"Do you have any gamelan music?" inquired one of our group who had travelled extensively in Asia before travelling extensively in Asia was a thing.
"We tried that," said the very friendly kitchenhand who was wandering from table to table in his apron (he is, it turned out, the son of one of the chefs, and perhaps he was auditioning for the main role: "Have you guys been here before or is this you guys' first time?" he asked, proving that he has a perfect command of New Zealand English). "We tried [the gamelan]," he said. "The punters couldn't stand it. Said it was doing their head in."
As is usual in these situations, my dining companions left me to do all the ordering, an unenviable assignment given that their combined "don't eat", "can't eat" and "don't like" lists covered many of the high points on the menu. Making matters slightly worse was that the duck mee jawa, the Malaysian street-hawker classic of meat with egg noodles, tomato, hard-boiled egg and tofu, was not available.

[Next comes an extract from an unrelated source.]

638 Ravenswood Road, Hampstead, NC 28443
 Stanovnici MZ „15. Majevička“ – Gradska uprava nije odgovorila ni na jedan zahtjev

Commendably, since it is uncommon in Asian restaurants here, the pork and chicken are free-farmed, the waitress told me, so I managed to come up with a reasonable assortment, first checking with her whether we had ordered enough for 30 rather than three.
Vegetable spring rolls, though deep-fried, were remarkably ungreasy and a shared bowl of wonton soup, with fresh herbs lending a Vietnamese inflection, was quickly dispatched.
I'd steered clear of a pad thai, a dish I've never much cared for since it so often resembles a homogenous gloop, in favour of a fish concoction using trevally. The sauce, flavoured with lemongrass, ginger flower, green chilli, mint and okra was most tasty without being fiery hot.
I have no idea why a squid dish earned the name Golden Shield, but it was marked out as a signature dish so we had to have it: the squid was flash-fried so as to remain superbly tender and chilli jam, piqued with kaffir lime added a pleasing kick. We tore off chunks of roti canai, the buttery Southeast Asian version of the Indian roti, to mop up the juices.
Best of all was the tau yu bak, a dish that originates in China's Fujian province but no doubt bearing the traces of its passage through Malaysia: pork belly slow-braised with sugar and dark soy sauce gains added texture from tofu and flavour from shiitake mushrooms, cinnamon and star anise.
By this time, we were pretty much done for and no one could manage pudding, particularly since the only conspicuously exotic option was banana fritter by its Indonesian street food name pisang goreng. But this modest and unpretentious eatery had given a good account of itself.
Our young apron-clad spruiker told me the main competition is the fish and chip shop up the road. If you ask me - and I mean no disrespect to the chippy - the one-fish-and-a-scoop brigade don't know what they're missing.
Bites $8-$10; mains $17-$25; sides $4-$10; desserts $8-$10.